* _TRY IT_
Using the listing below, give again exactly the lines from the line with "8. commercially available" to the line with "Architettura moderna Cube", inclusive, without the pictures.

* _AVAILABLE DATA_

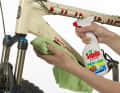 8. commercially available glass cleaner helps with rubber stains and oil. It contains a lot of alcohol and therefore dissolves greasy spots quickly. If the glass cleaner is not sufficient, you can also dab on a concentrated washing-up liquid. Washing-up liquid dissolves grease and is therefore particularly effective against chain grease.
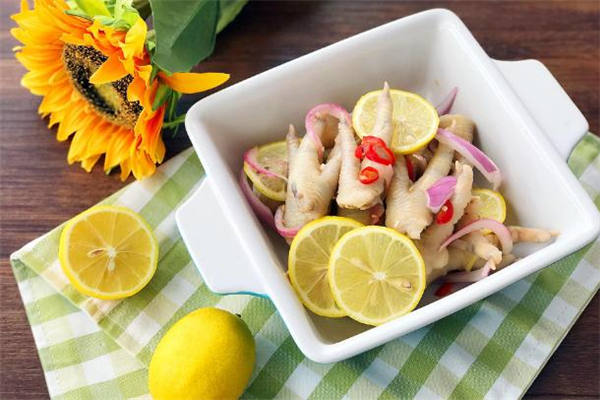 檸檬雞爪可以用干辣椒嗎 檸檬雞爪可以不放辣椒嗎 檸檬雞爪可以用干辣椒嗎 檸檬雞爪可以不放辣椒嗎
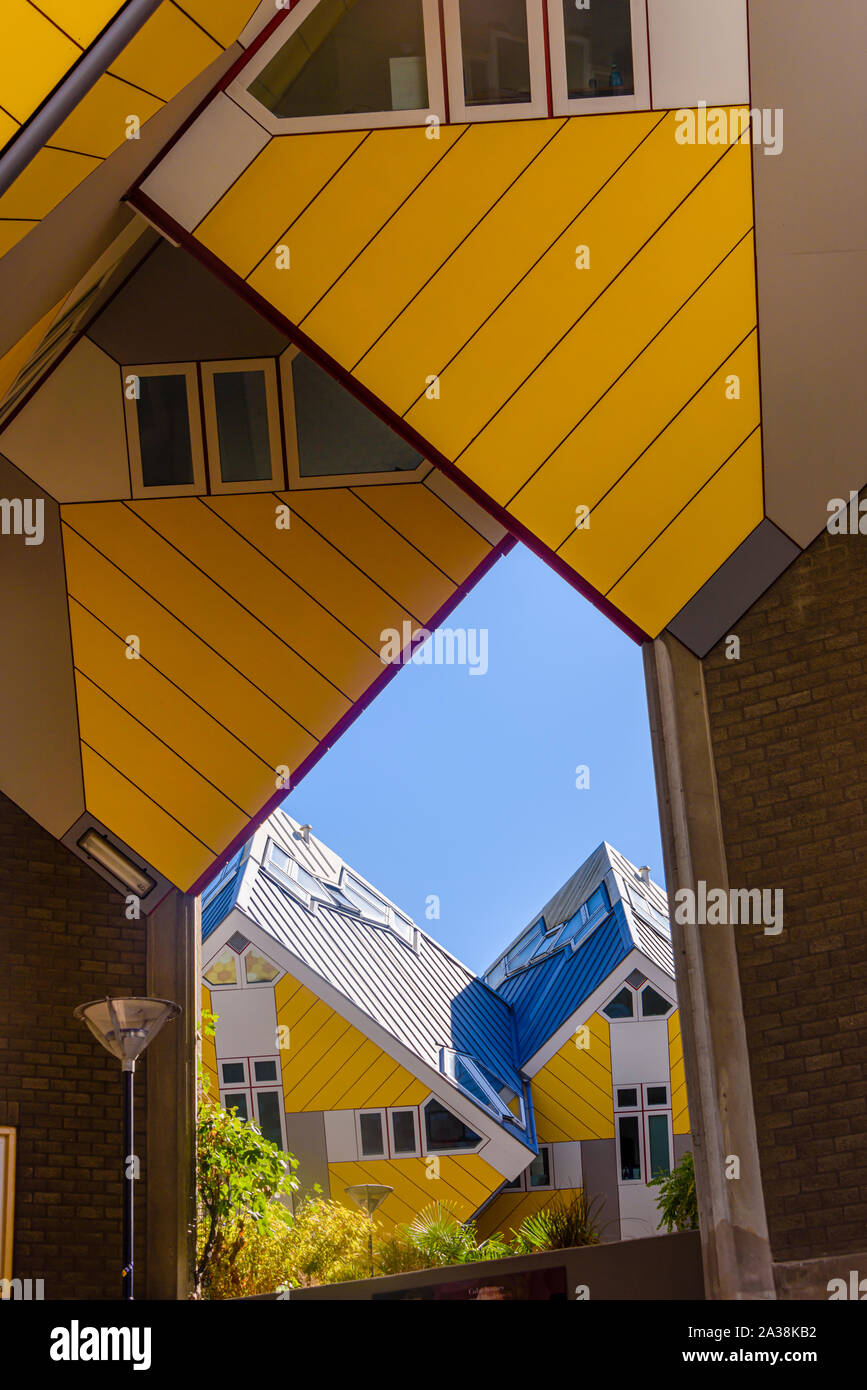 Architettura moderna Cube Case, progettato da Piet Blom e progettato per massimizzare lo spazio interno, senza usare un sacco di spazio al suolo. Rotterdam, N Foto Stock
* * *
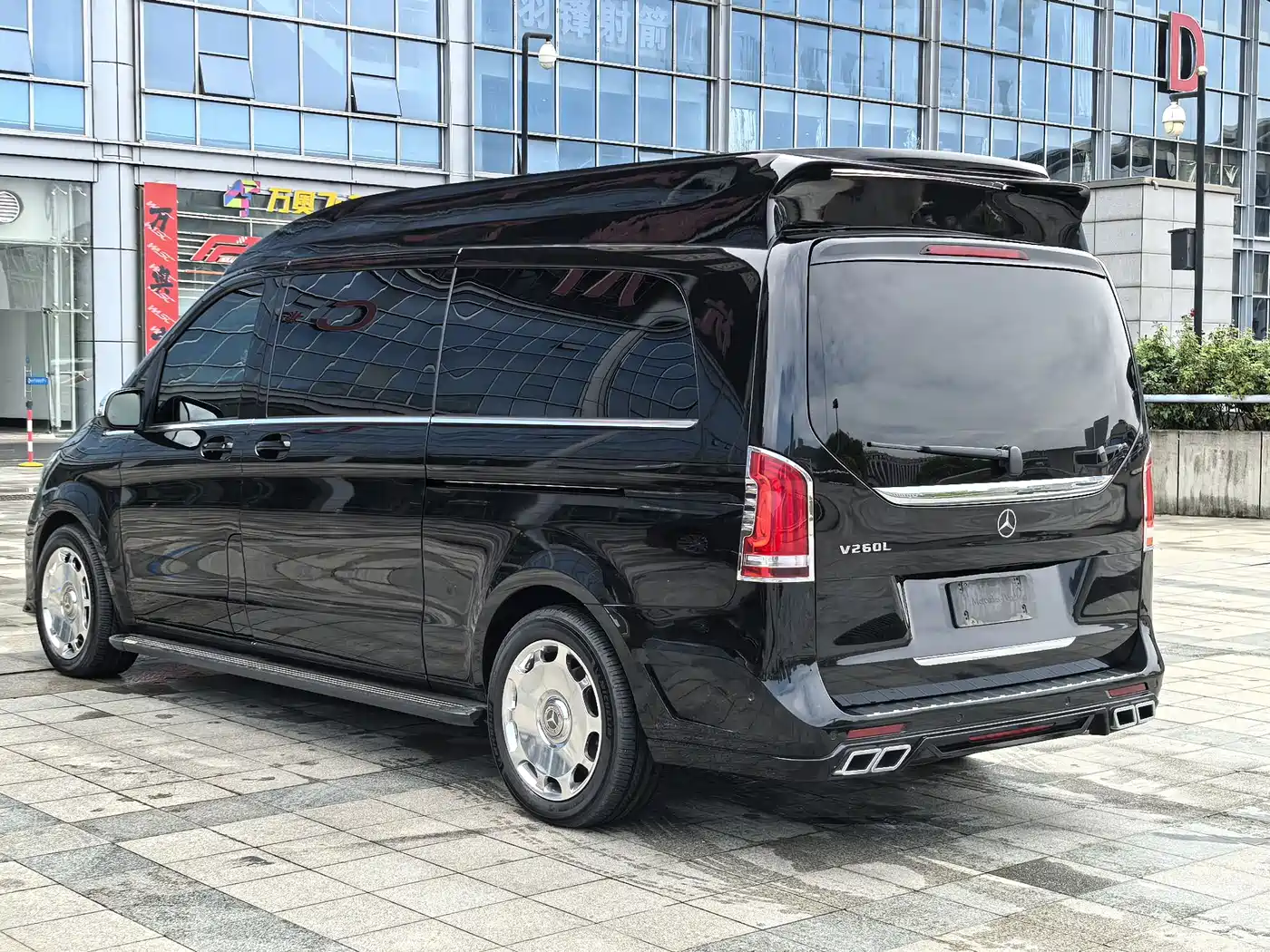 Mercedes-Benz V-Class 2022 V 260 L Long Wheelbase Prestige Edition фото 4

* _TASK RESULT_
 8. commercially available glass cleaner helps with rubber stains and oil. It contains a lot of alcohol and therefore dissolves greasy spots quickly. If the glass cleaner is not sufficient, you can also dab on a concentrated washing-up liquid. Washing-up liquid dissolves grease and is therefore particularly effective against chain grease.
 檸檬雞爪可以用干辣椒嗎 檸檬雞爪可以不放辣椒嗎 檸檬雞爪可以用干辣椒嗎 檸檬雞爪可以不放辣椒嗎
 Architettura moderna Cube Case, progettato da Piet Blom e progettato per massimizzare lo spazio interno, senza usare un sacco di spazio al suolo. Rotterdam, N Foto Stock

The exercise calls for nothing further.